Friday, July 16, 2021

Warning! Negative Blog.

WARNING!!
  This blog is all kinds of negative.

I'm feeling both frustrated and despondent this morning.  It's funny how our perspective and demeanor can change so quickly.  Not funny "ha-ha".

I was working on my side heel again this morning.  As you all know it's been a constant struggle for me with this kick.  And I had thought that I was getting pretty good at just taking it in stride...and just accepting that it's difficult for me and that I will get there eventually.  But this morning I just found myself getting frustrated and then angry.  Because seriously....how am I still so brutal at this?  I can't even venture a guess as to how many of these kicks I've thrown since last July (July 9, to be exact, was the day I decided I was going to really focus on this kick).  And except for a short break last December, I have maintained that focus.  How do I know this?  I can establish a timeline from my blogs.  I also searched "side heel" in my blog and I have 16 postings that refer to working on my side heel in some capacity since then.  Twelve months...16 blogs.  So I know that there has been effort.

I'm not expecting mastery in a years time.  But I would think I should have established some sort of consistency in my ability by now.  But that's just not the case.  I'll feel really great for a day or two...like things are really starting to improve.  I'll feel like I've figured some things out....made some positive adjustments...feel more confident...and then...💩...back to the same as before.  And I don't mean "2 steps forward, 1 back"....I mean "2 steps forward, 2 or 3 back".  I don't believe my perception is tainted...I've got video.

So here's where I'm at this morning.  I am asking myself today, what's the point?  If in a years time I haven't made noticeable improvement, then wouldn't my time be better spent elsewhere?  Wouldn't it be better to just stop focusing on something that consistently brings such a negative vibe to my training?  I find it hard to celebrate the things that are going well when I have this cloud of frustration always hanging over my head.  And it's become apparent that my other kicks have been neglected and are now suffering.  What's even more frustrating is that this isn't lack of effort...but instead that what I've been doing just obviously isn't working.  But I can't seem to figure out what does work.  And it's starting to feel like a waste of time.  So at what point do I just forget about it altogether and just resign myself to the fact that this is just something I can't do?  I don't know the answer.

Even though this was where I ended with my side heel today...I don't like to finish my training on such a low.  So I decided to do some box jumps and end on a positive note.  Boost my spirit.  I was going to aim for 4 in a row, with 3 being my personal best so far.  But I cracked my hands on the box, caught my foot and then fell.  And I couldn't work up the courage to try again.  So I may be back to 0 on that as well.
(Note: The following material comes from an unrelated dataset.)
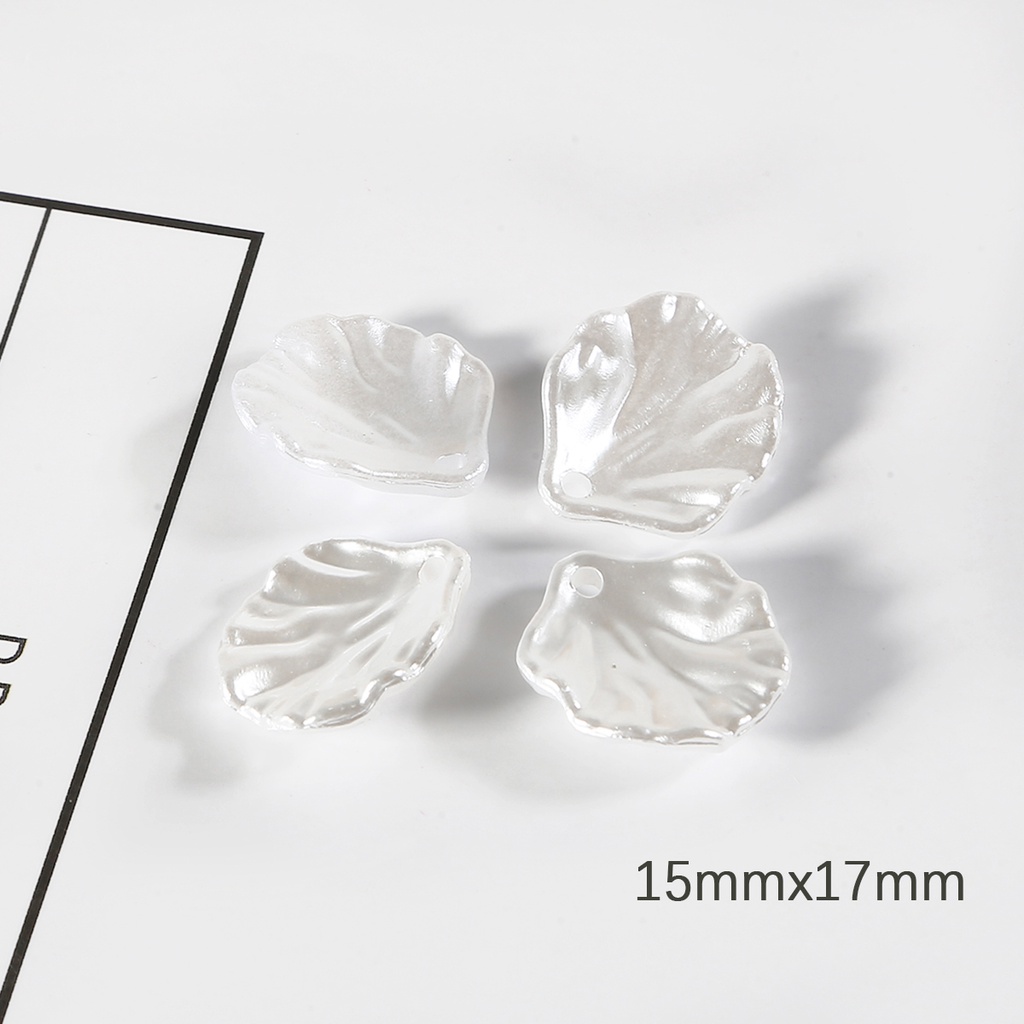 Phụ Kiện Trang Sức Hình Cánh Hoa Mẫu Đơn / Vỏ Sò Bằng abs Màu Sắc Ngọc Trai Nhân Tạo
So yeah...here we are.  A bruised and sore hand and an even more bruised and sore spirit.

1 comment:

  1. Be careful. Your perspective that you are not improving is an illusion. As you improve your kick, you are also improving your eye for detail. This makes mastery of a technique a moving target.

    Now is a good time to remind yourself that mastery is not a destination. Mastery is a process. Trust me. Your side kick is improving.